======== Data section

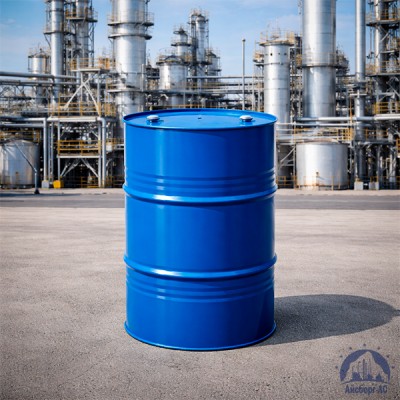 Смазка ЛУКОЙЛ ПОЛИФЛЕКС ОПТИМУМ 1-100 СТО 65561488-054-2015 (бочка 210 л) купить в Караганде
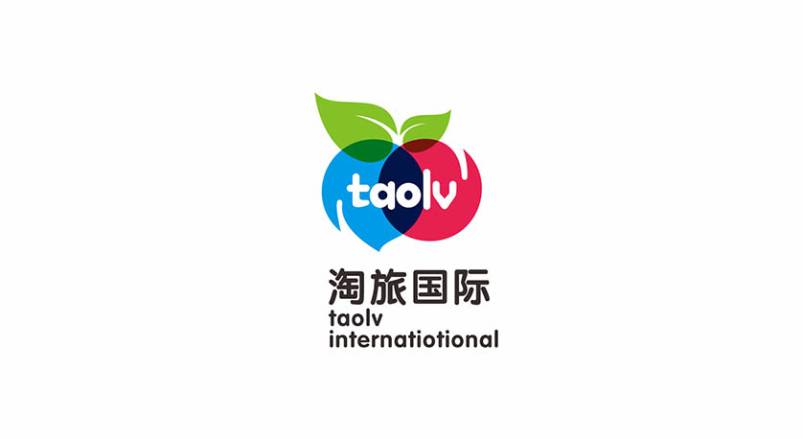 全套VI设计：构建钦北区企业品牌护城河，筑牢竞争壁垒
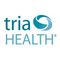 Logo for Tria Health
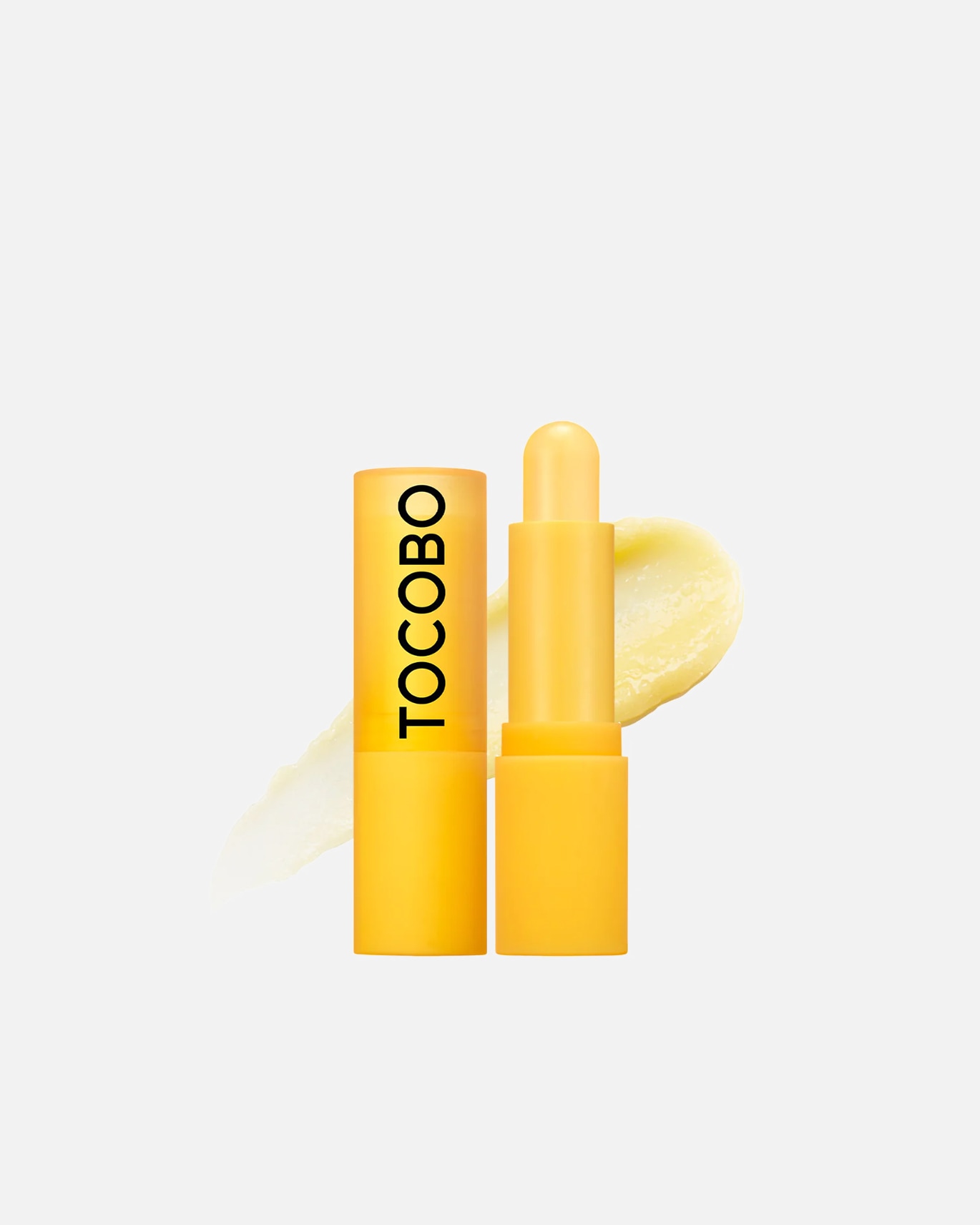 Balsamo labbra di Unisex TOCOBO Vitamina Nourishing Lip Balm 3,5 g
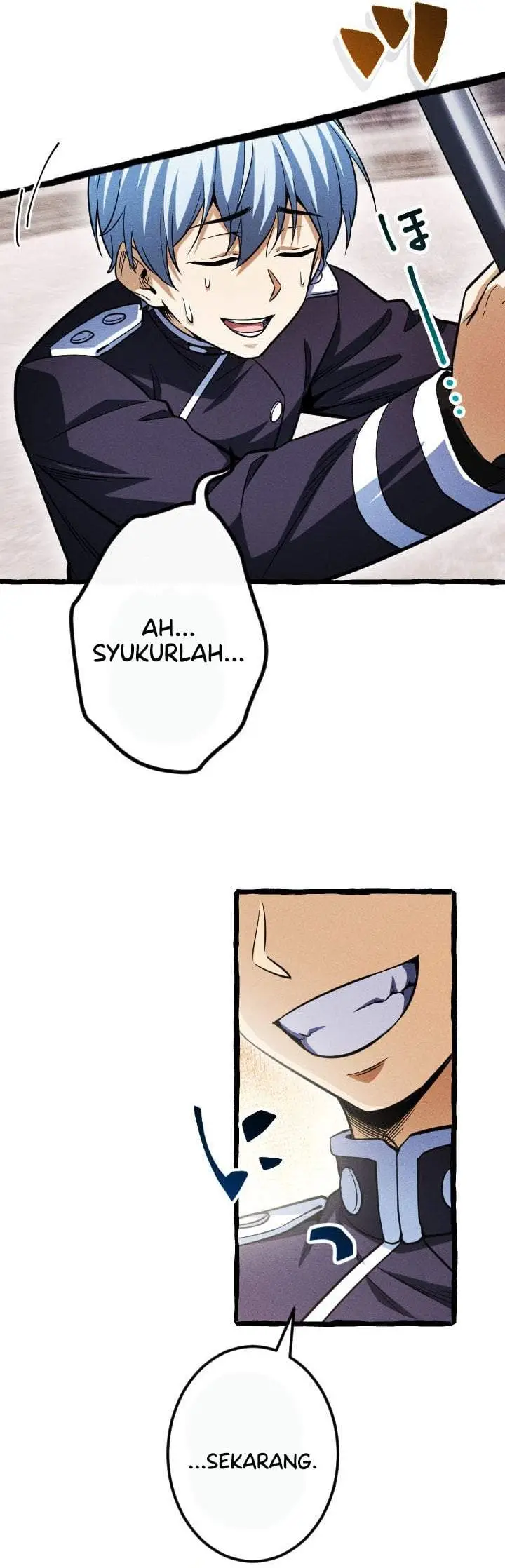 image-komik-return-of-the-first-patriarch-the-strongest-reincarnates-into-his-descendant-1000-years-later-chapter-23-26/28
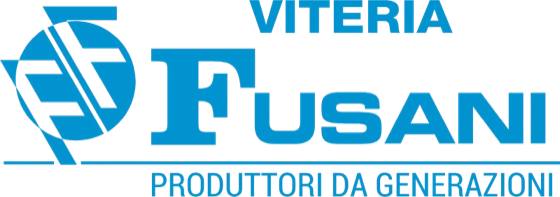 Viteria Fusani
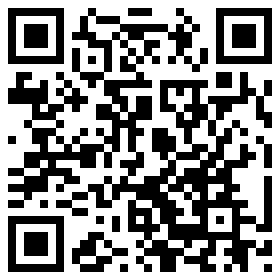 qrcode für Schneider Electric LAD4T3R - Schneider Beschaltungsmodul Spezialdiode 125VACDC D40A/D65A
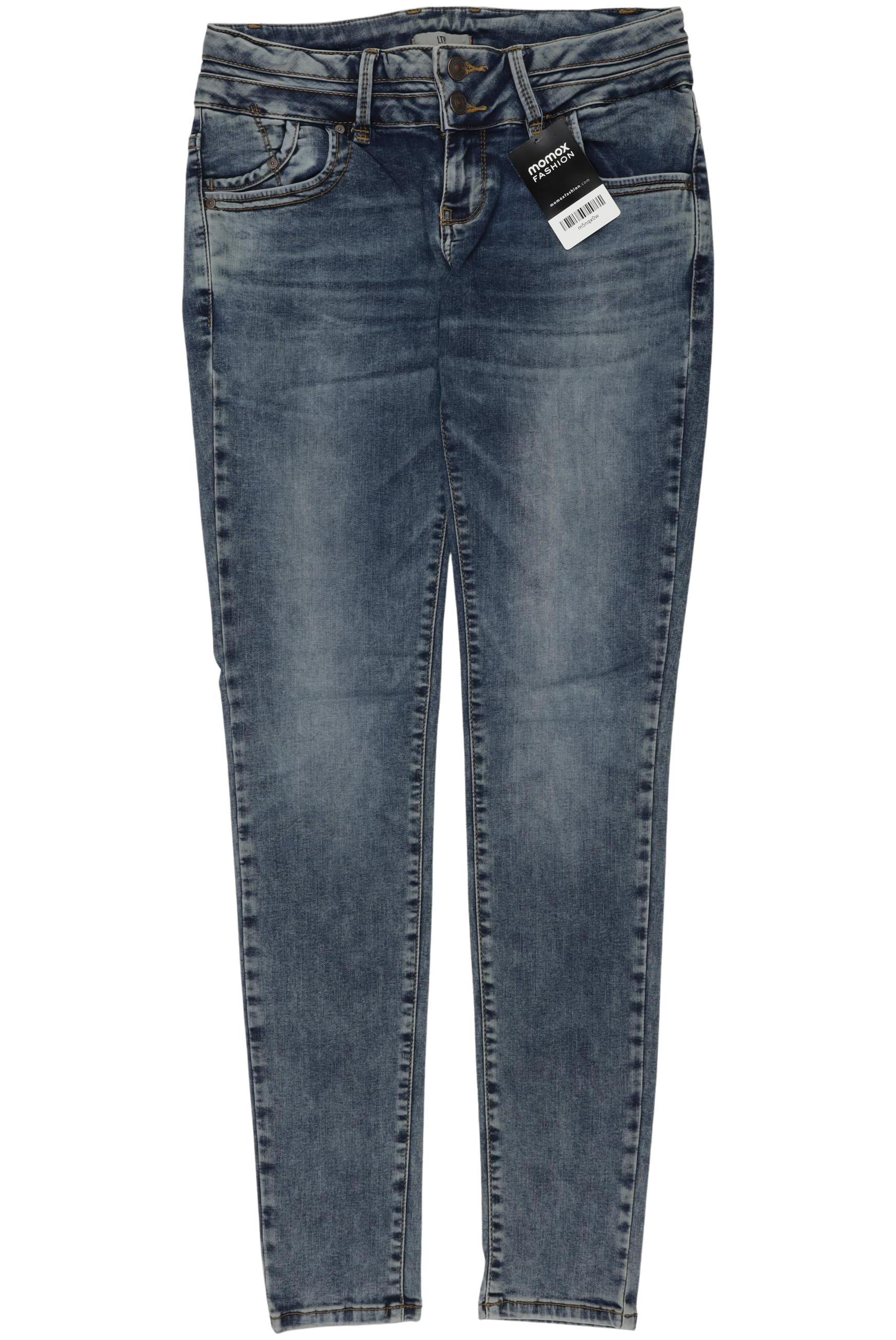 

LTB Damen Jeans, blau, Gr. 28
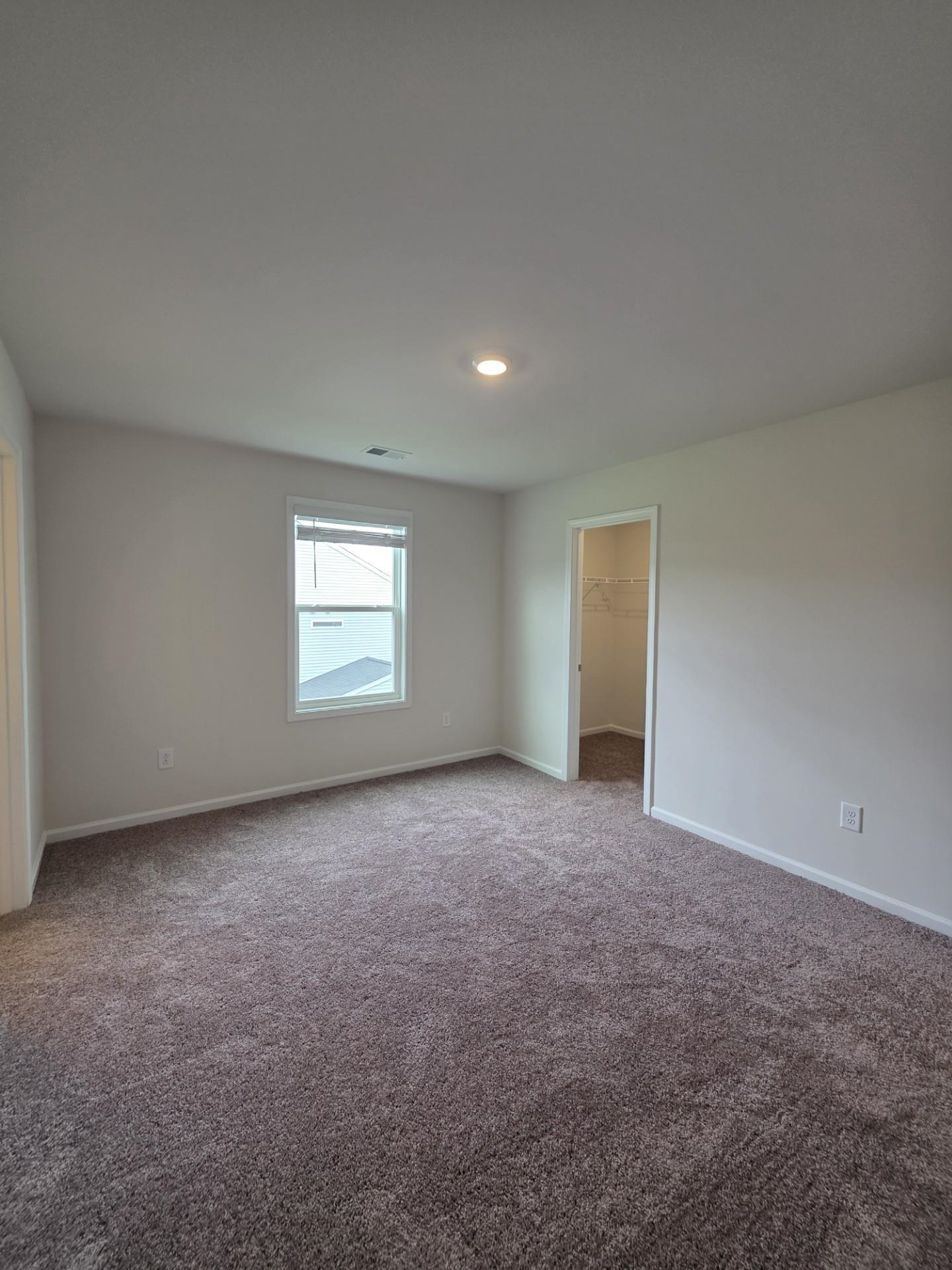 427 Dodger Avenue Property Photo 38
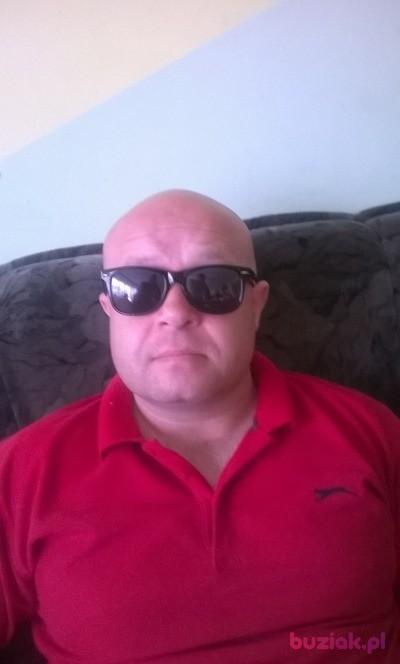 Ryszard, Mężczyzna, 49, Dąbrowa Górnicza, Polska, Zdjęcie: 2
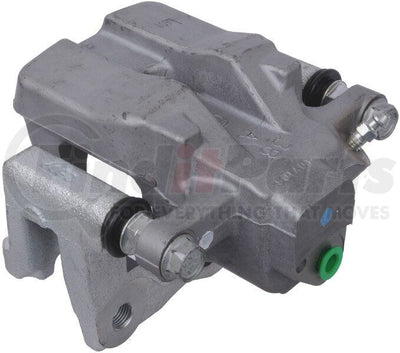 IMP UNLOADED CALIPERS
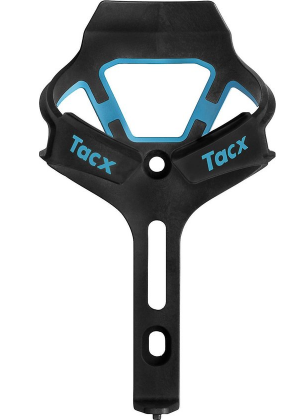 Tacx Ciro bidonhouder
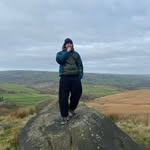 Ewan Nelson - @ewannelson_ - Instagram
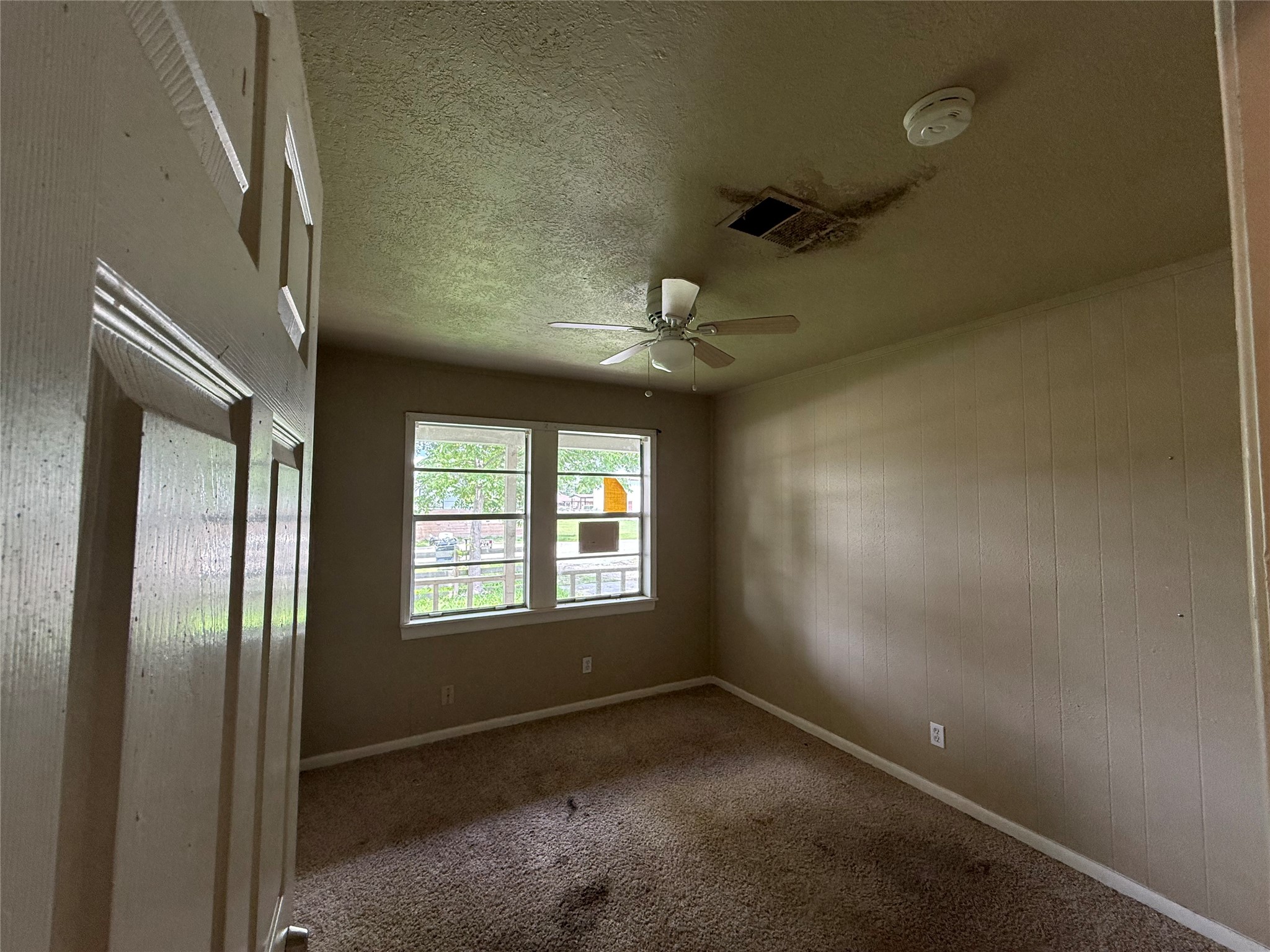 3318 Mooney Road Houston, TX 77093 - Photo 5 of 14 Bedroom One Main House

================

* **Problem**
Reproduce the data above verbatim, minus any images.

* **Completed exercise**
 Смазка ЛУКОЙЛ ПОЛИФЛЕКС ОПТИМУМ 1-100 СТО 65561488-054-2015 (бочка 210 л) купить в Караганде
 全套VI设计：构建钦北区企业品牌护城河，筑牢竞争壁垒
 Logo for Tria Health
 Balsamo labbra di Unisex TOCOBO Vitamina Nourishing Lip Balm 3,5 g
 image-komik-return-of-the-first-patriarch-the-strongest-reincarnates-into-his-descendant-1000-years-later-chapter-23-26/28
 Viteria Fusani
 qrcode für Schneider Electric LAD4T3R - Schneider Beschaltungsmodul Spezialdiode 125VACDC D40A/D65A

LTB Damen Jeans, blau, Gr. 28
 427 Dodger Avenue Property Photo 38
 Ryszard, Mężczyzna, 49, Dąbrowa Górnicza, Polska, Zdjęcie: 2
 IMP UNLOADED CALIPERS
 Tacx Ciro bidonhouder
 Ewan Nelson - @ewannelson_ - Instagram
 3318 Mooney Road Houston, TX 77093 - Photo 5 of 14 Bedroom One Main House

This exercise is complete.